The datscience (dataanalysis and science) R-package contains functions, which are frequently required in the process of preparing data for publication. Among those are:
-
format_flextable()
applies the APA 7th theme to a flextable object -
apa_factorLoadings()
creates APA 7th based factor-loadings table -
flex_table1()
tabular group comparison of 2 or more groups (usualy table 1) -
Rcitation_appendix()
Function that allows the creation of a full APA-style table with all citations and informations on the R-packages utilized.
The overall goal was to improve the workflow of data analysis and help with formatting challenges I encountered in the preparation of submission to scientific journals. For example: getting stats from R with the right format into MS Word.
Installation
You can install the latest released version of datscience easily, directly from GitHub with:
# Normal intsallation
install.packages("devtools")
devtools::install_github("Buedenbender/datscience")
My recommendation would be to use a the pacman package manger instead, as this installs the latest version from github and directly loads it
# Recommendation: pacman
pacman::p_load_gh("Buedenbender/datscience")
Installation Troubleshoot
Some users might encounter: (System Error 267 @win/processx.c:1040)
, which is due to special characters in the username and the path to the directories (e.g., ö
or é
). In this case, you can try to install datscience
with the remotes package in standalone mode in a fresh R-sessions (no packages loaded) (see below and for reference this stackoverflow posting).

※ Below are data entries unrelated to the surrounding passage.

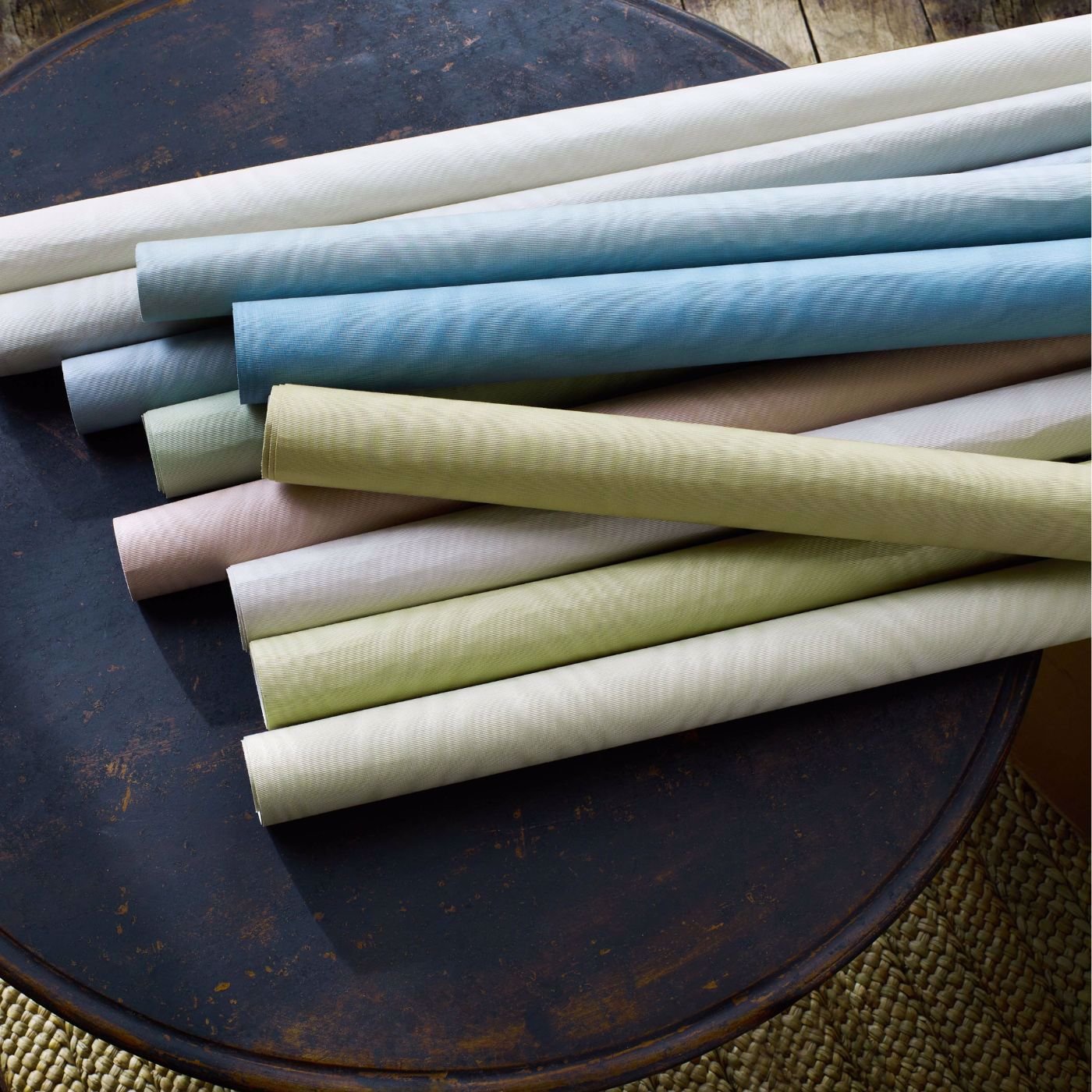 Коллекция Moire, 313067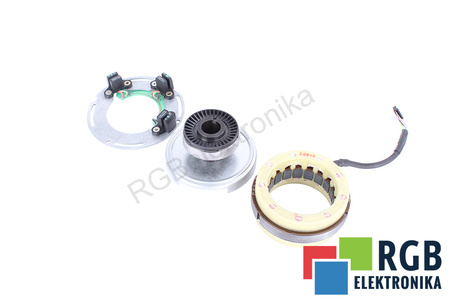 1FT5076-0AF71-1-Z SIEMENS TACOGENERADOR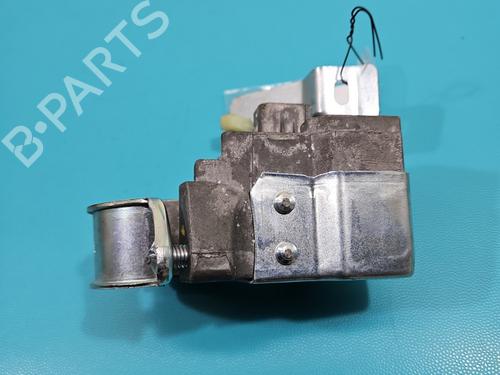 Electronic module HYUNDAI ix35 (LM, EL, ELH)  | BP38145286M83  - Image 7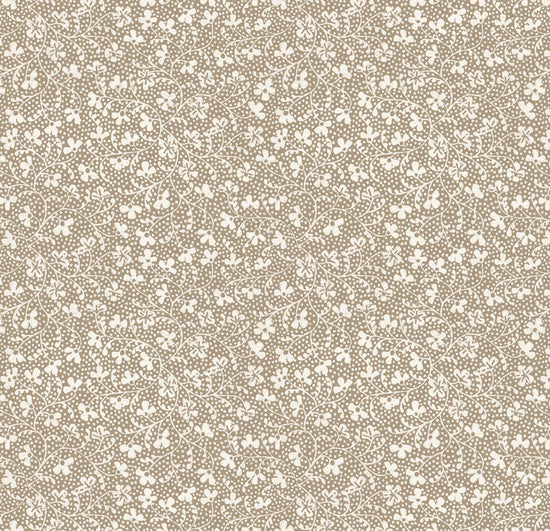 Parsley Wallpaper – SEPTEMBER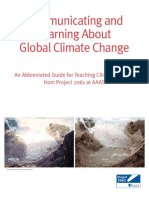 climate.pdf
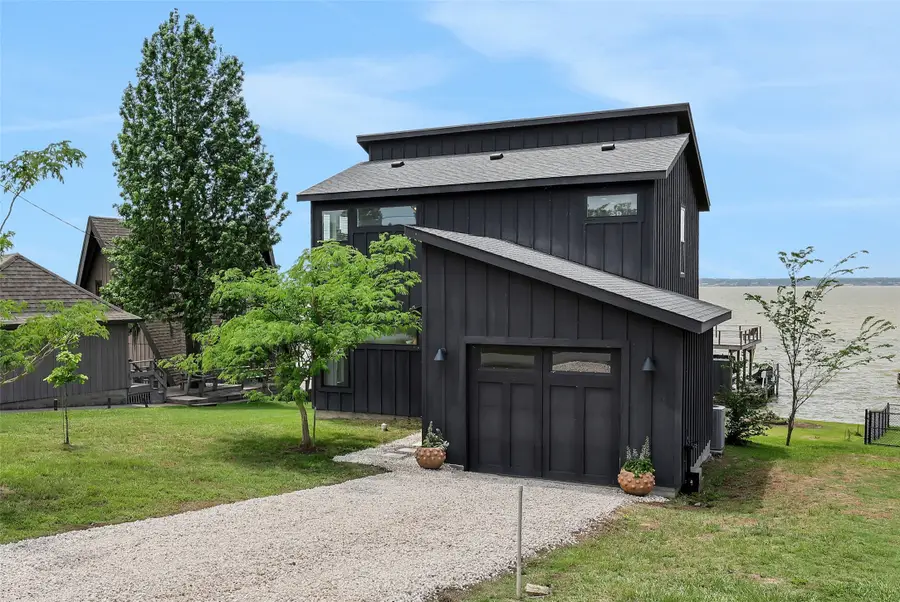546 W Cattle Drive, Onalaska, TX 77360 - #3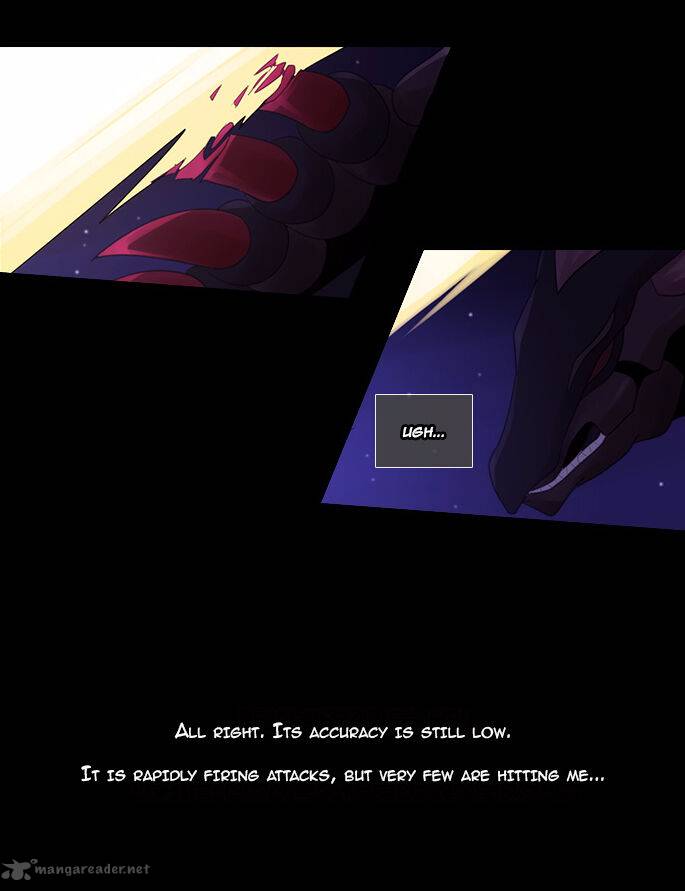 Kubera Chapter 270 Page 28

Sys.setenv(R_REMOTES_STANDALONE="true")
remotes::install_github("Buedenbender/datscience")
A Teaser of datscience
Functionality: flex_table1()
While R provides so many opportunities and power to conduct whatever analyses one can imagine, I found myself often having difficulties with the transfer of the analysis or the results from R session into MS Word.

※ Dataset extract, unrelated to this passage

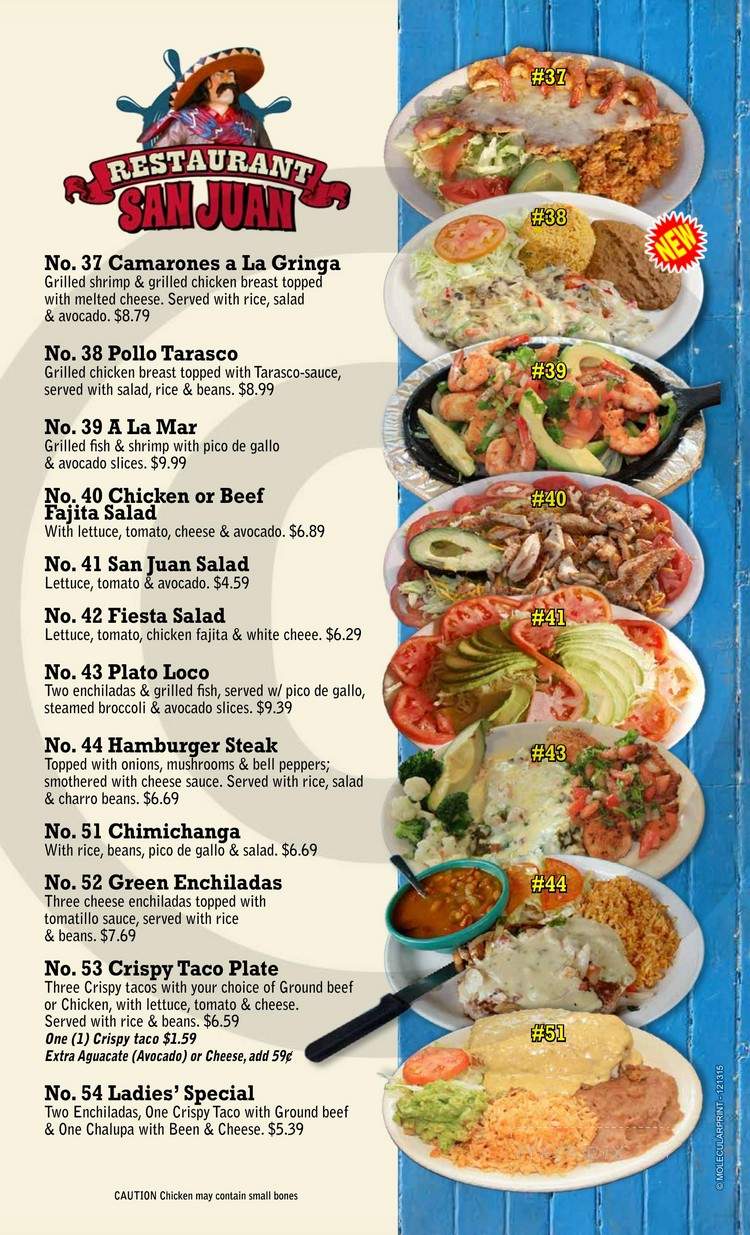 /4332467/Taqueria-Puerto-Vallarta-Aransas-Pass-TX - Aransas Pass, TX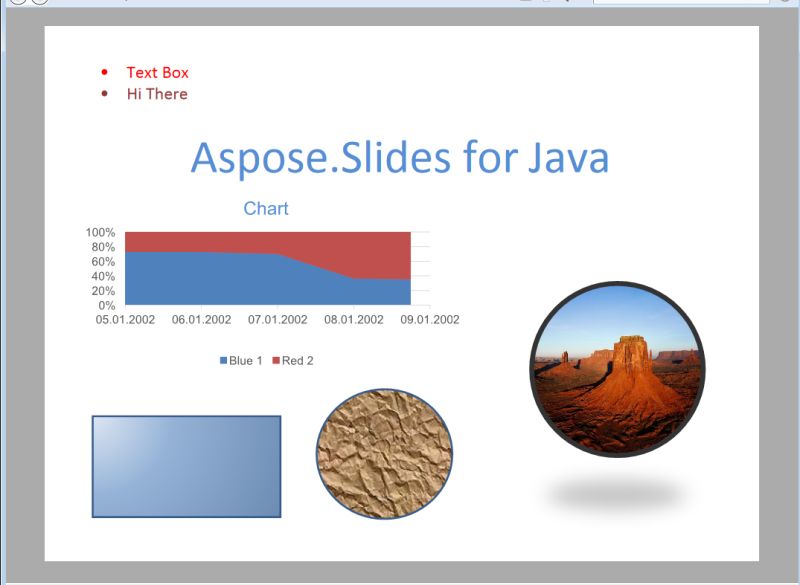 Advanced Xml Parser Axp Library - Abstract Background Collection - High Resolution Quality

Example Problem: Get a nicely formatted (in accordance with APA 7th publication manual) sociodemographic table 1 directly into a Word file (*.docx).

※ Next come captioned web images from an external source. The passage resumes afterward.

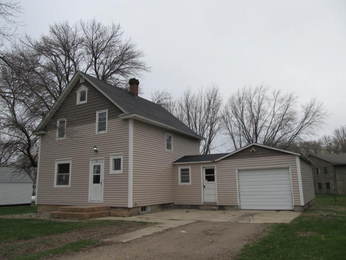 361 Swift Ave, Maynard, MN Main Image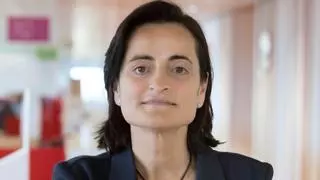 Carla de Sivatte: "El valor se gana cuando una marca deja de patrocinar y empieza a cocrear"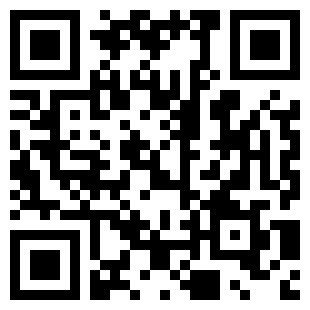 航海王-启航手游免费版下载-航海王-启航2025官方安卓版下载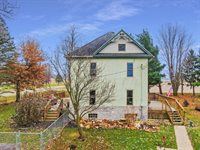 5012 County Highway BC -, Sparta, WI 54656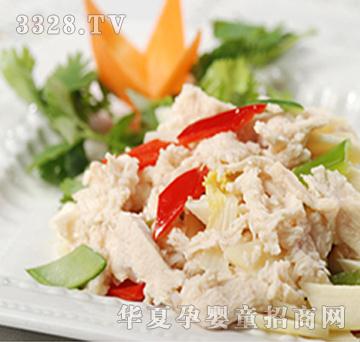 �_Ǭ42�������ײ�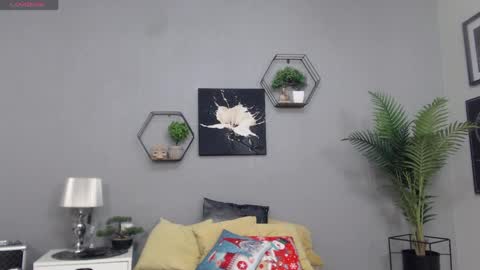 Kane online show from March 30, 9:38 pm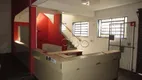 Foto 6 de Ponto Comercial para venda ou aluguel, 312m² em Centro, Piracicaba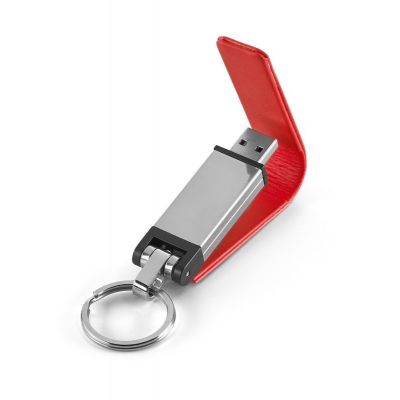 USB Флешка 4 GB-0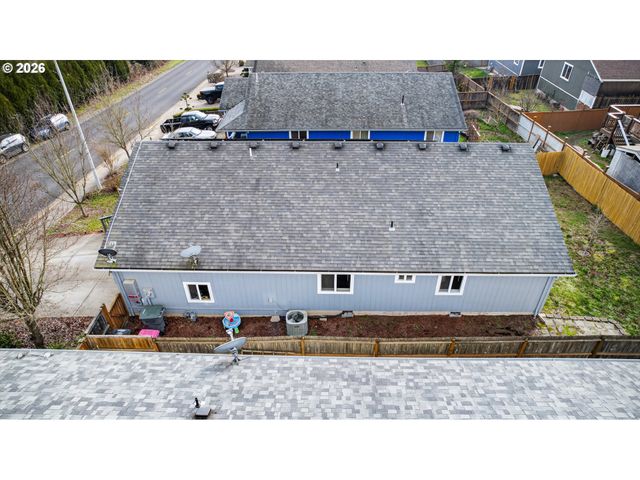 847 N DUNIWAY Rd, Lafayette, OR 97127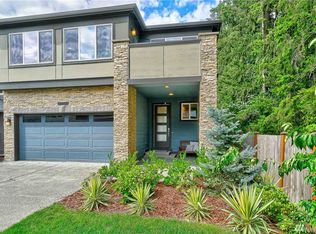 22518 42nd Dr SE, Bothell, WA 98021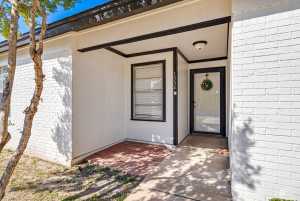 1334 Tres Rios Circle (6)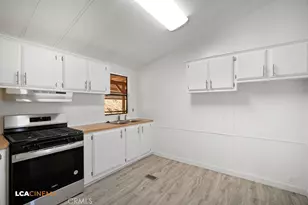 58 Loma, Wofford Heights, CA 93285 - Photo 17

As of March 2022 the new function datscience::flex_table1()
makes the creation of the Sociodemograhpic Table 1 (including the statistical comparisons of subsamples), basically a piece of cake. Take a look at the new article vignette("flex_table1")
. For the example we took the popular iris dataset and included a simulated categorial variable called Color that contains either “Blue” or “Orange”. We supply the function with a formula that determines which variables are to be included in the table. For the example we include the two metric variables Sepal.Length, Sepal.Width as well as the simulated Color
# To load datscience
pacman::p_load_gh("Buedenbender/datscience")
str_formula <- "~ Sepal.Length + Sepal.Width + Color | Species"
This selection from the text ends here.